Une surveillance renforcée ne dissuadera jamais ces gens, Syriens, Erythréens, mais aussi Soudanais qui n’ont que leur peau à sauver, de la risquer en mer. Elle renforcera en revanche les juteux trafics d’êtres humains qui alimentent des achats d’armes et l’insécurité. Elle couronnera aussi le beau tour des industriels de l’armement trop heureux de trouver dans les niches financières européennes dédiées à la sécurité de quoi alimenter des budgets militaires en baisse. De là à se demander qui conduit - des industriels ou des gouvernements - la très sécuritaire politique migratoire de l’Europe, la question mérite d’être posée.

L’urgence est de savoir s’il existe une autre manière de sauver. Oui, si l’on pense que sauver c’est assurer une protection aux personnes qui craignent pour leur vie. Alors il faut, au-delà de l’impératif respect de la règle de non-refoulement, créer un couloir humanitaire en mer pour assurer une arrivée à bon port aux migrants. S’engager à cela suppose que des moyens suffisants soient déployés à terre, dans les pays les plus exposés aux arrivées, Italie, Grèce, Espagne, Malte... Il s’agit d’offrir des conditions d’hébergement décentes aux réfugiés, le temps de pouvoir étudier - dans de courts délais - leur situation et de répartir les personnes acceptées à l’asile entre les 28 États membres.

Pour sauver les réfugiés de la double peine de mort - la menace dans leur pays, la noyade aux portes de l’Europe - et renouer avec ses valeurs fondatrices, l’UE doit réorienter les budgets qu’elle consacre - sans résultats notables - à renforcer ses fortifications, vers la protection des réfugiés, l’intégration des migrants et le renforcement des actions de développement dans les pays d’origine.

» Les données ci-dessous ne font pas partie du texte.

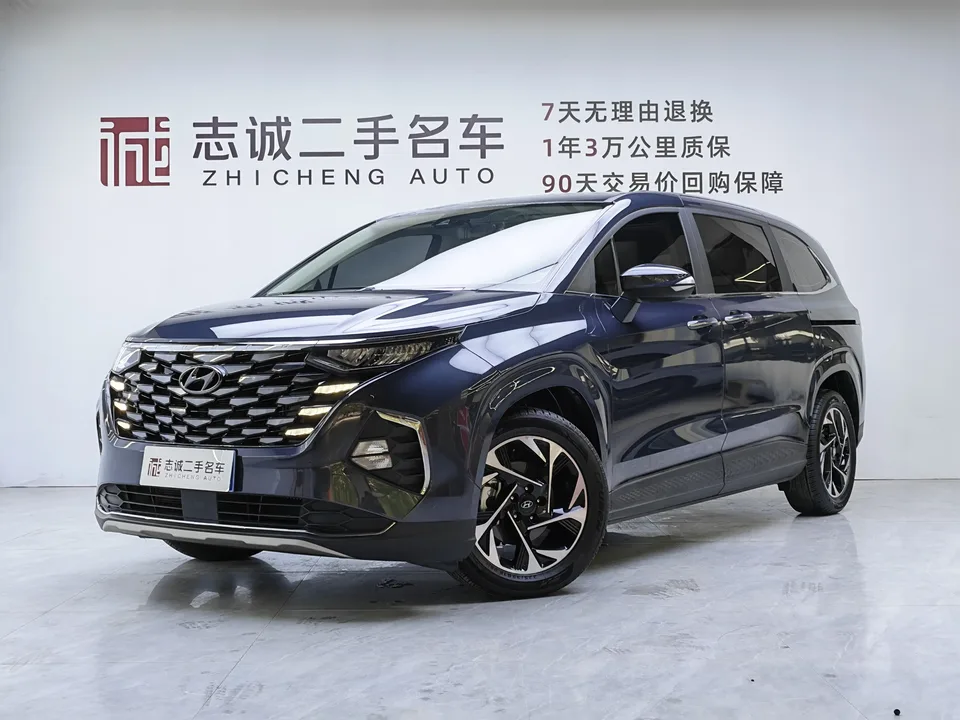 Hyundai Kustu 2022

Il ne s’agit évidemment pas de remettre en cause la sécurité aux frontières mais d’y ajouter les volets solidarité et protection - non refoulement, examen des demandes d’asile - qui manquent cruellement à la politique migratoire Européenne. Si le 24 et 25 à Bruxelles l’UE à 28 se contente de passer de Frontex à FronteXXL, c’est un naufrage moral que nous aurons à déplorer.